[Your goal] Look for the line containing "Lily Pulitzer for" and the line containing "Tree of Hope" in the entries below. Copy those two and all lines between them exactly, leaving out pictures.

[The data]
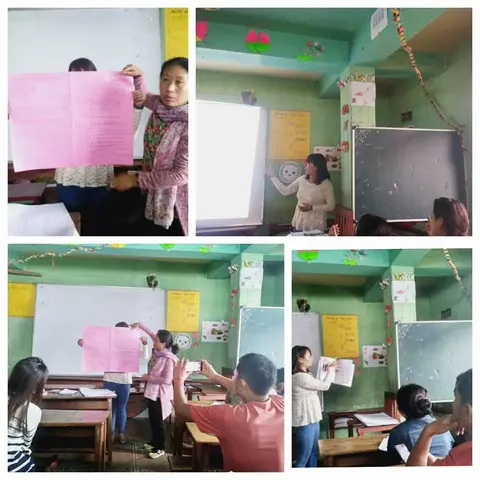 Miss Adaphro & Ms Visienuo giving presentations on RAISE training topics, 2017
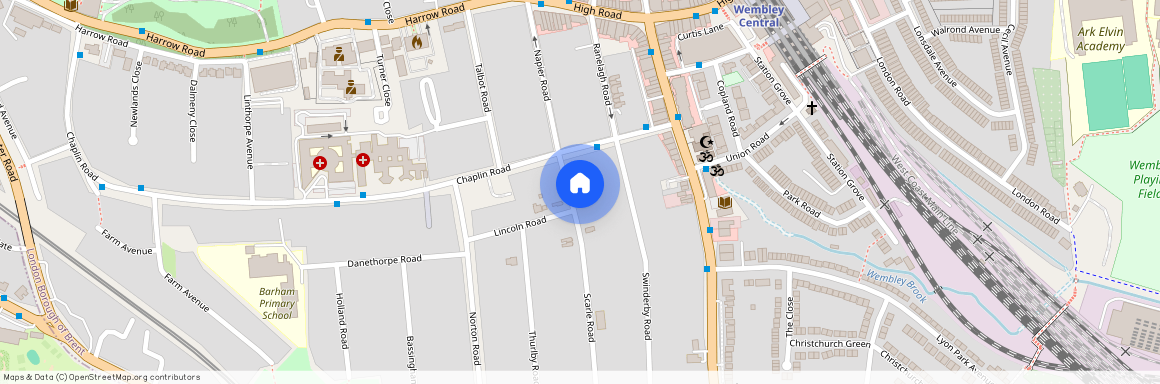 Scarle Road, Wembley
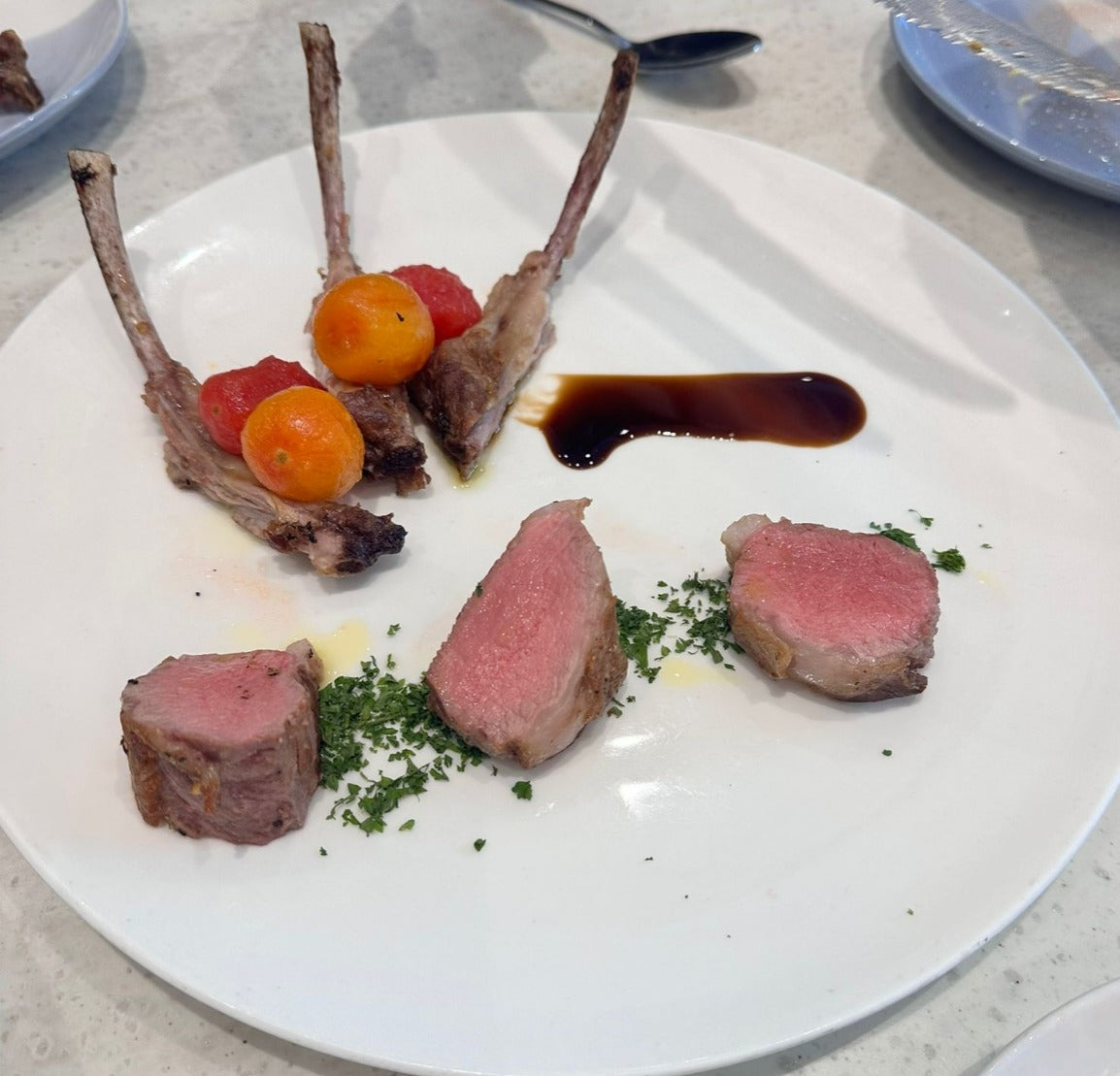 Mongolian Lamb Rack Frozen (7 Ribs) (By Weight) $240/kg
==
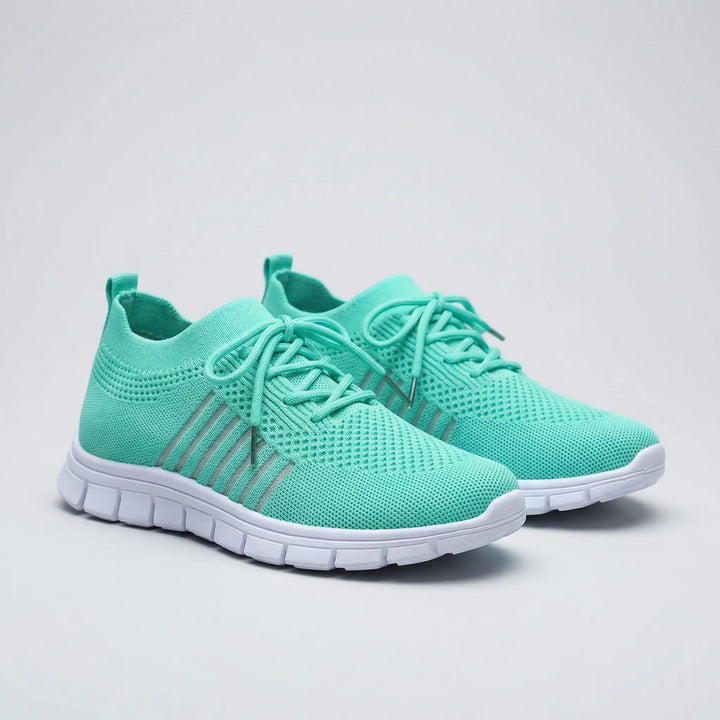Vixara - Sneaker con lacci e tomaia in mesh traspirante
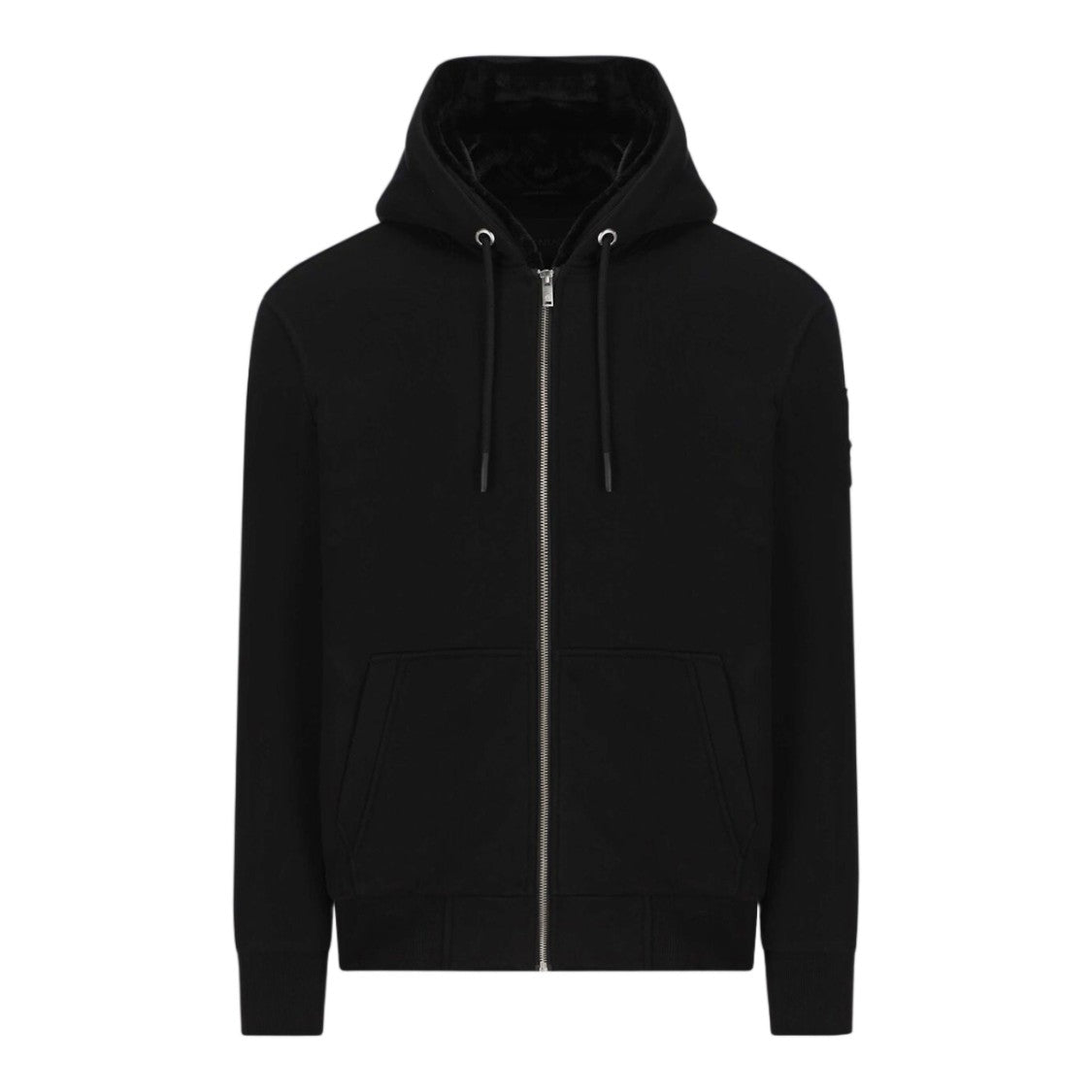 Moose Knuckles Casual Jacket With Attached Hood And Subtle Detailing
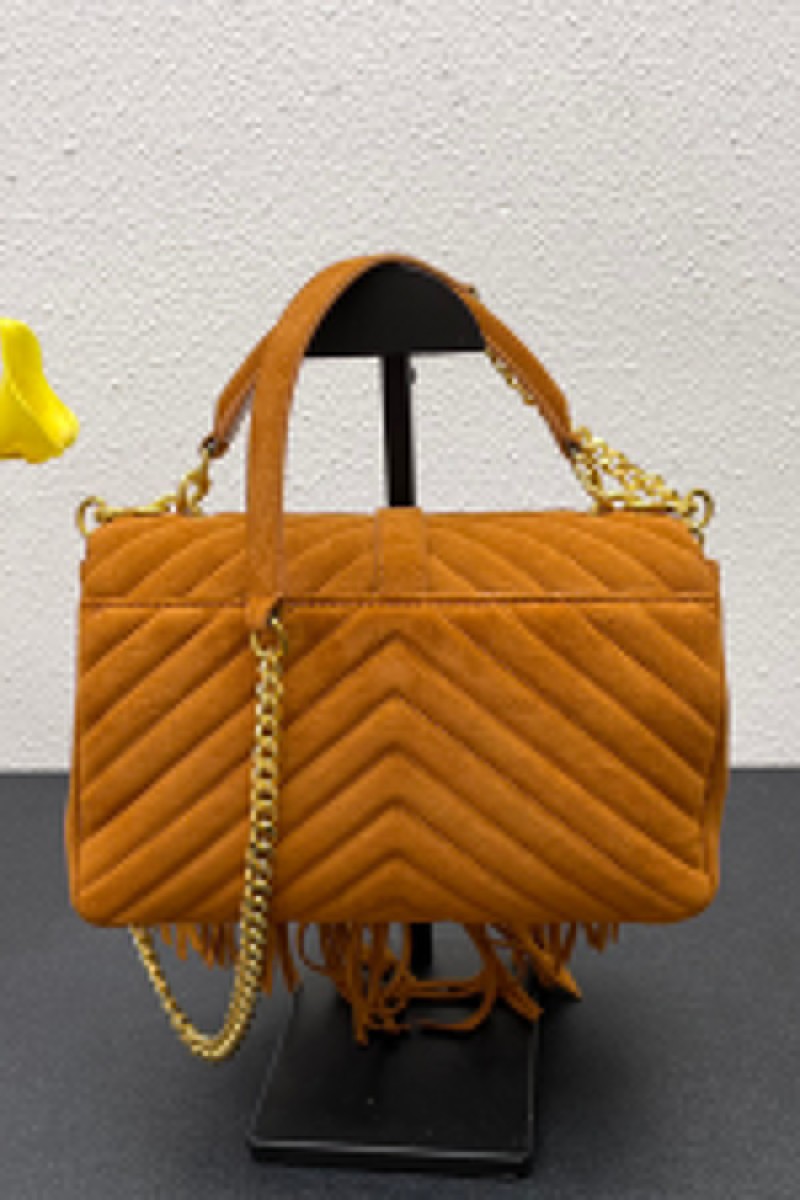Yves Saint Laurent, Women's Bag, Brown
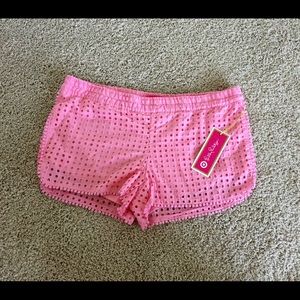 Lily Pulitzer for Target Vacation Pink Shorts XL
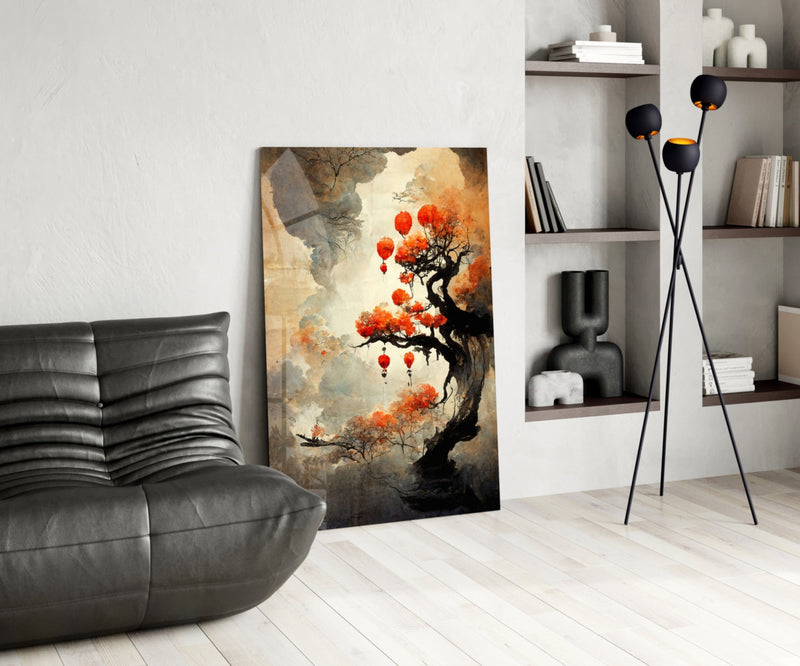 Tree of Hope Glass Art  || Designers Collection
* * *
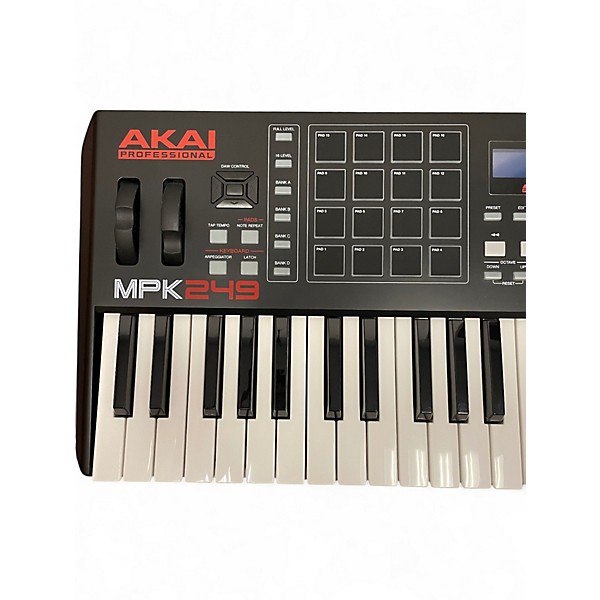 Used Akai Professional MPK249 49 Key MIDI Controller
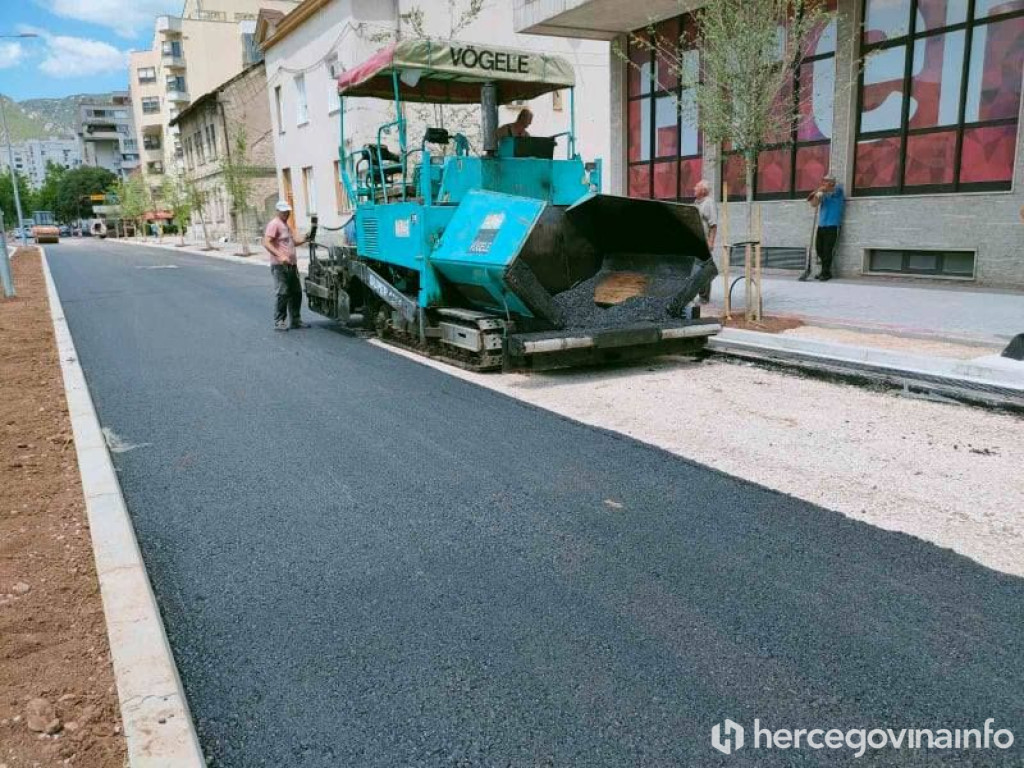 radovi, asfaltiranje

[Problem solution]
 Lily Pulitzer for Target Vacation Pink Shorts XL
 Tree of Hope Glass Art  || Designers Collection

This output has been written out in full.